The next day my dad took me fishing. It was Martin Luther King Day so there wasn’t any school and my dad was in town. For a long time he was away all the time because he and my mom divorced, but now he was just away all the time because he drove a truck. We were rocking in our little boat drinking tall cans of Arizona Iced Tea. It was cold but I had a fleece on and there was something good and metallic about drinking the cold tea out of those cans.
We didn’t talk for a long time. I rolled my bait into a ball and then mashed it on the tiny golden hook. I handed it to my dad so he could cast it for me. I can cast okay, but he does it way better, and I thought it would make him feel good if he thought I needed him. He cast it far out and handed it back to me and then we sat there. The water of the lake was rippling and the lips of the ripples were white with the sun. If I only looked at the water it seemed like we were moving, like the water was pushing past us and we were moving further out onto the lake. But the moment I looked at the shore, which was so far away that the bushes and reeds looked like cheap lace, I could tell we were just sitting there, anchored.
Then he started in, saying, “I’ve been reading these books I think you might be interested in.”

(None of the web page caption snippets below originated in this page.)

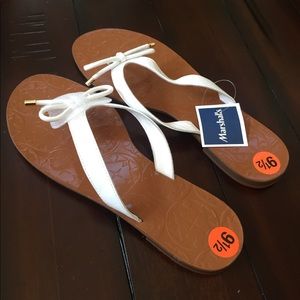 Kate Spade White and Brown Sandals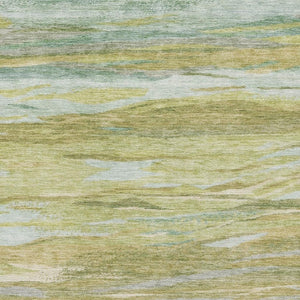 HomeRoots 8' Sage Gray & Aqua Abstract Washable Round Rug - Durable, Stylish, UV Protected for Indoor & Outdoor Use 708526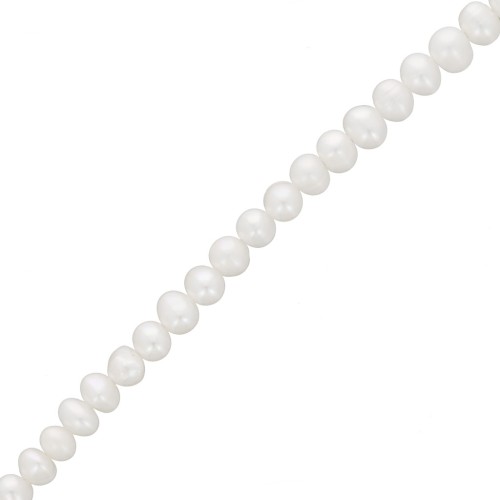 Perles d'eau douce ovales irrégulières 4.5x3.5 mm - Grade AA-  Blanc x37cm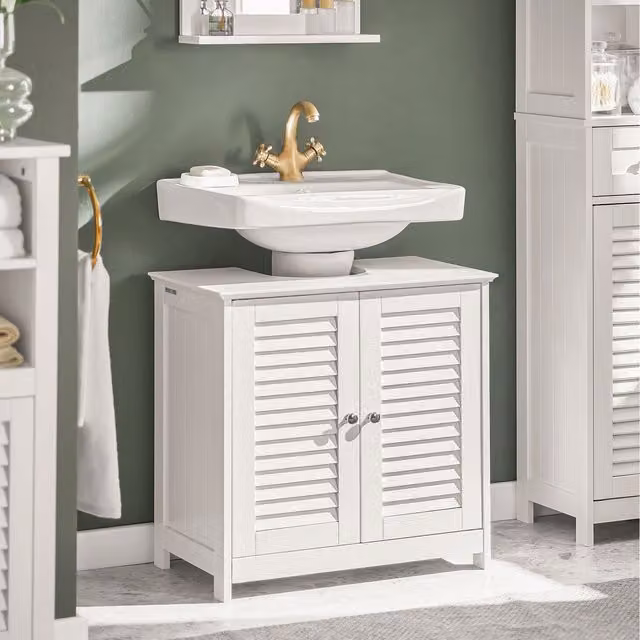 SoBuy Modern White Under Sink Bathroom Cabinet with Roll Shutter and Internal Shelves, Width: 58 cm
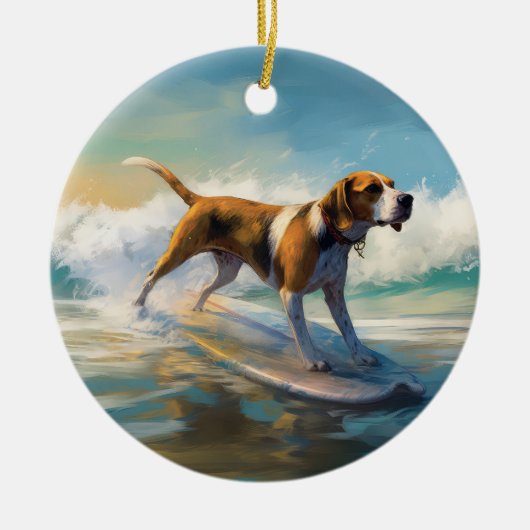 Amerikaans Engels Foxhound Strand Surfen Schilderi Keramisch Ornament (Voorkant)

“What kind of books?” I asked.
“Just books. Metaphysical books. Spiritual stuff.”
“What do they say?” I asked. My dad started to get kooky a couple of years after the divorce. For a long time I think he was drinking a lot and then he sort of bottomed out and now he doesn’t drink at all but he’s always saying crazy shit, like about how it’s my mom’s dharma to fail at relationships with men, and that she can’t help herself from chasing after lame-o types like Lenny, and that we should all just pity her and try to be nice. I pointed out that no one could really be nice and understanding when Lenny starts singing in the car, beating the steering wheel with that round hairbrush of his, and that made my dad laugh. That’s the nice thing about my dad—he always laughs when you say something genuinely true and funny.
“Well, the one I was thinking about was actually about illusion. And how the world as we experience it is all just Maya, which is Sanskrit for illusion. Just shadows.”
I made a sort of grunting sound. I didn’t want to be talking about this with him, but I knew what he was talking about. Like with the boat, how it seemed to be moving when you looked at the water, and how it seemed to be anchored when you looked at the shore. But everything was like that. Just like my face in that mirror when Eddie was fucking me.
“And the book didn’t say this, but I just got to thinking: what if that is the real message of Jesus Christ?”
“What do you mean?” I said. I had to say something—I hate talking about Jesus Christ way more than I hate talking about dharma and crap, but he is my dad. And even beyond that, we were stuck on a boat together in the middle of a lake so it wasn’t like I was going to tell him to shut up or anything.
“Well, I mean, everybody always says that Jesus taught about love as this guiding principle, but then they try and make that fit into the framework of heaven and hell—and that’s just dead structure there, you know what I mean? I mean, that’s old-world illusion pure and simple.”
“Uh huh.”
“And when you think about love, you know, not love for a specific person, not loving them cause you get something out of it, just love that extends toward people and out to the trees and the Earth and the cosmos—you know, that means loving nothingness too. And to love all that you have to understand that something and nothing are really the same. They’re interchangeable.”
I thought my dad was talking a load of bunk, and I still do, but for some reason it put this crazy image in my head of Jesus riding through empty fields on a skeleton horse, and everything around him dying as he passed it.
“You’re a good kid, you know that?” my dad said.
“Thanks, dad.”
We didn’t talk anymore about it that day. We didn’t catch much either.